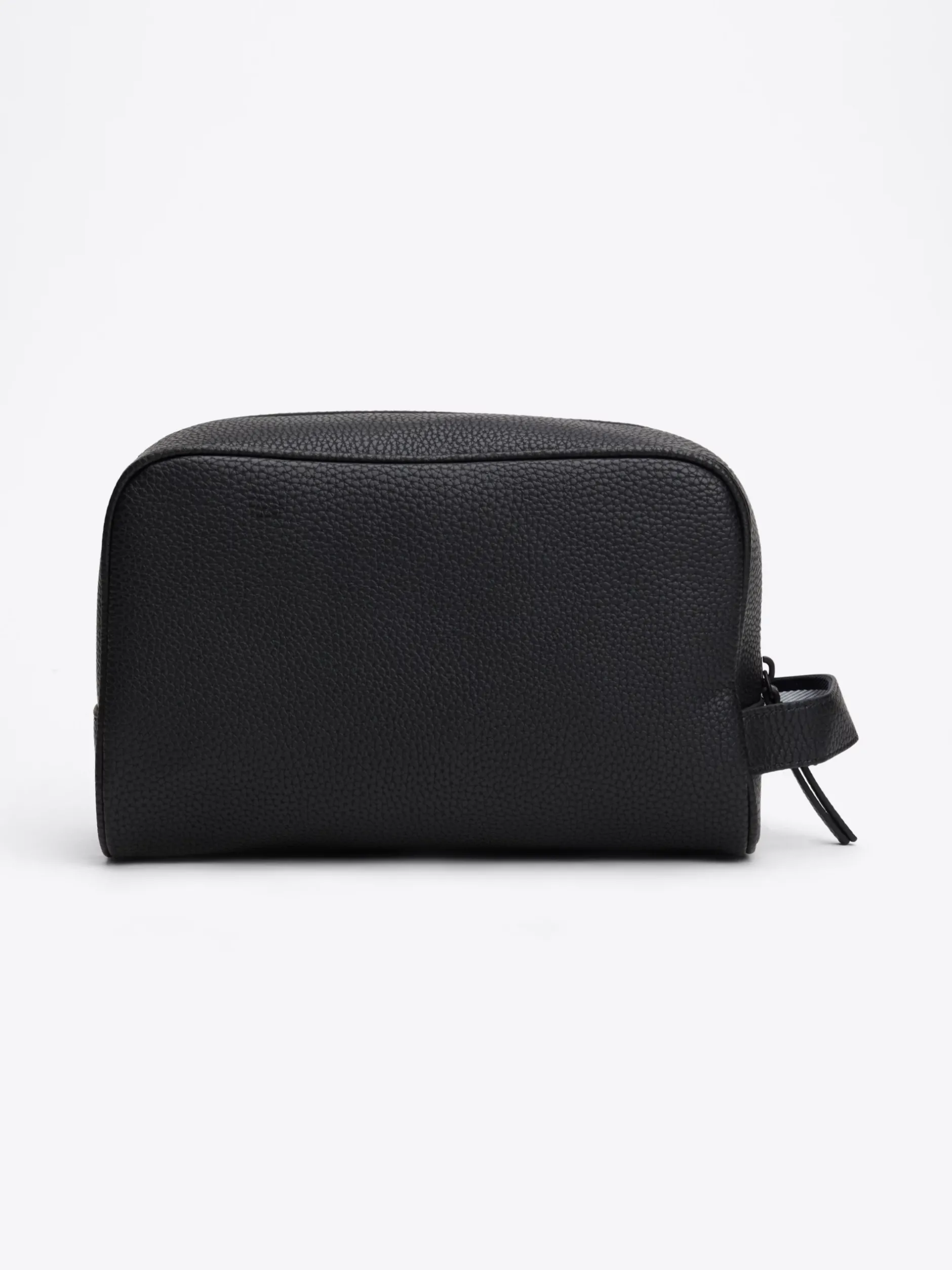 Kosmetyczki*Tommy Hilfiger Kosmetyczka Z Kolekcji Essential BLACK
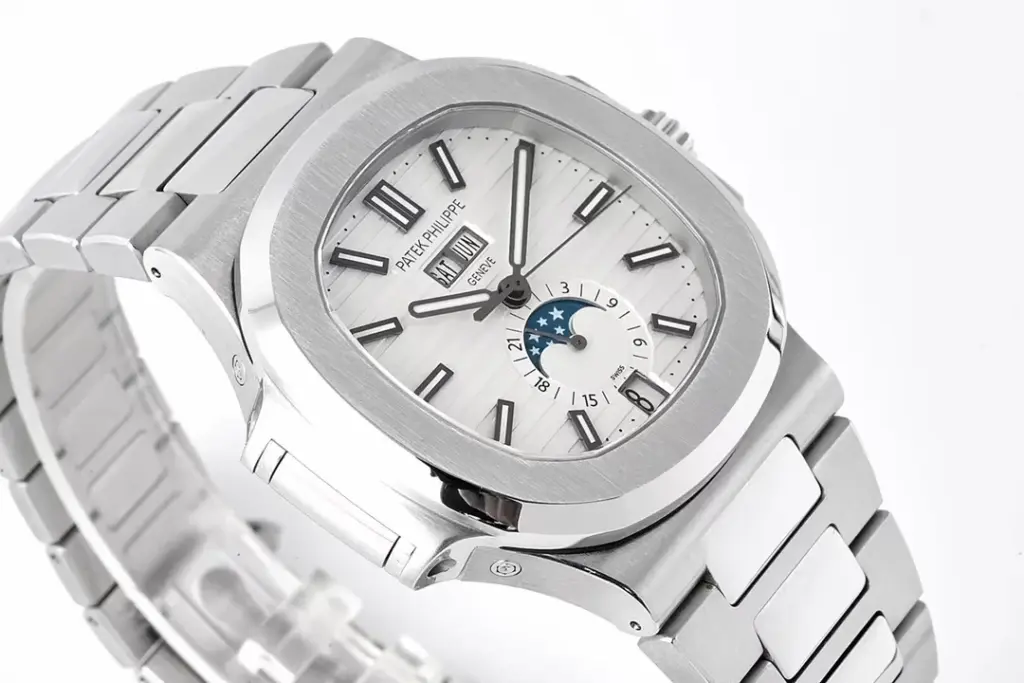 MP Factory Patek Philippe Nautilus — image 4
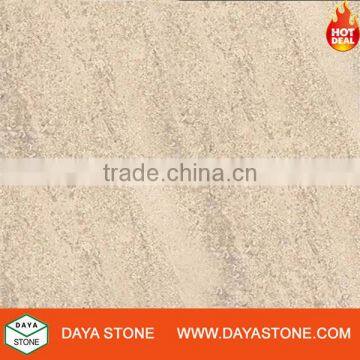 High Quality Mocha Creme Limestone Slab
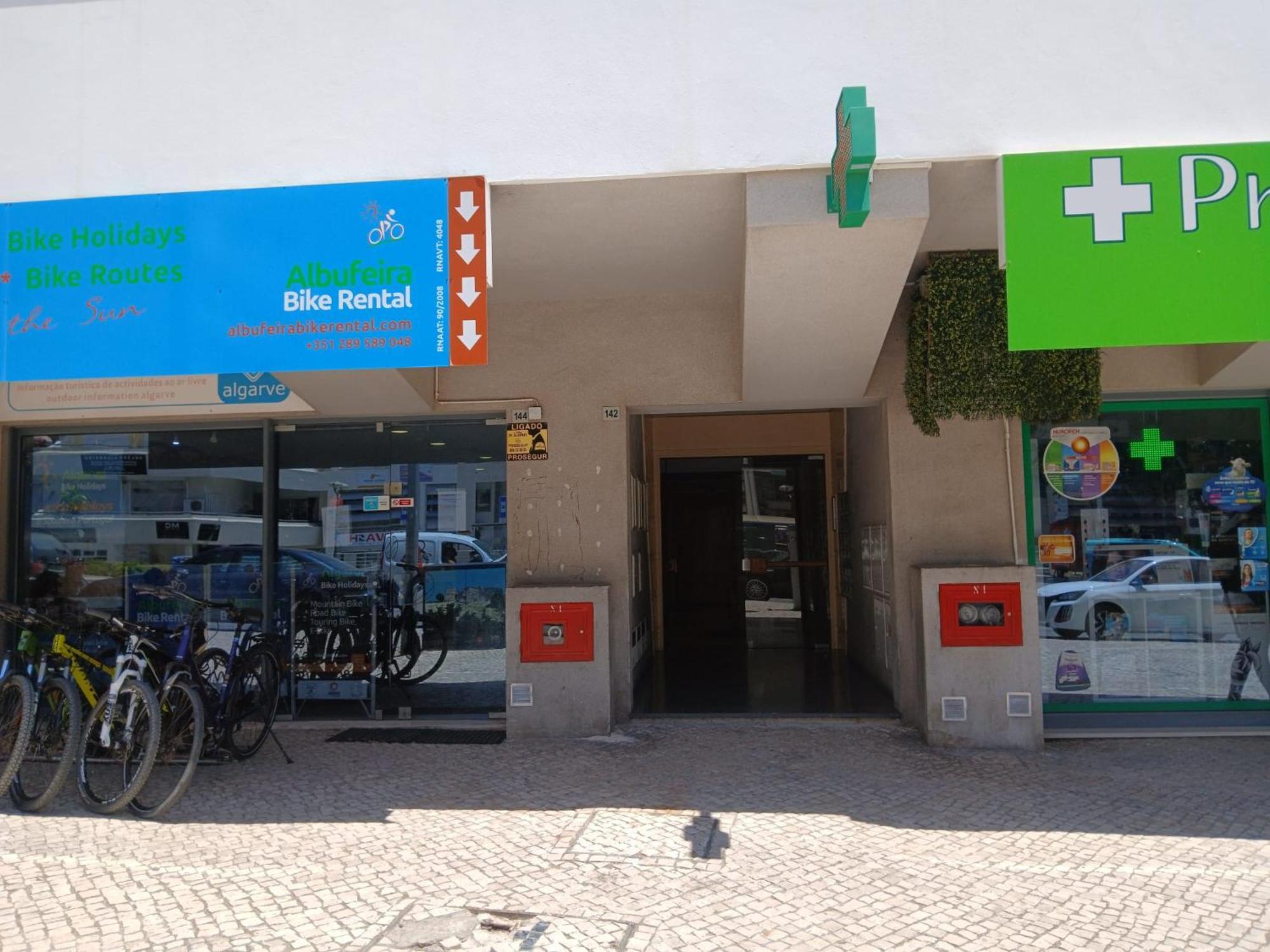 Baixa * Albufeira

# Your task
Copy all of the material word for word, and include none of its pictures.

# Response box
 Kosmetyczki*Tommy Hilfiger Kosmetyczka Z Kolekcji Essential BLACK
 MP Factory Patek Philippe Nautilus — image 4
 High Quality Mocha Creme Limestone Slab
 Baixa * Albufeira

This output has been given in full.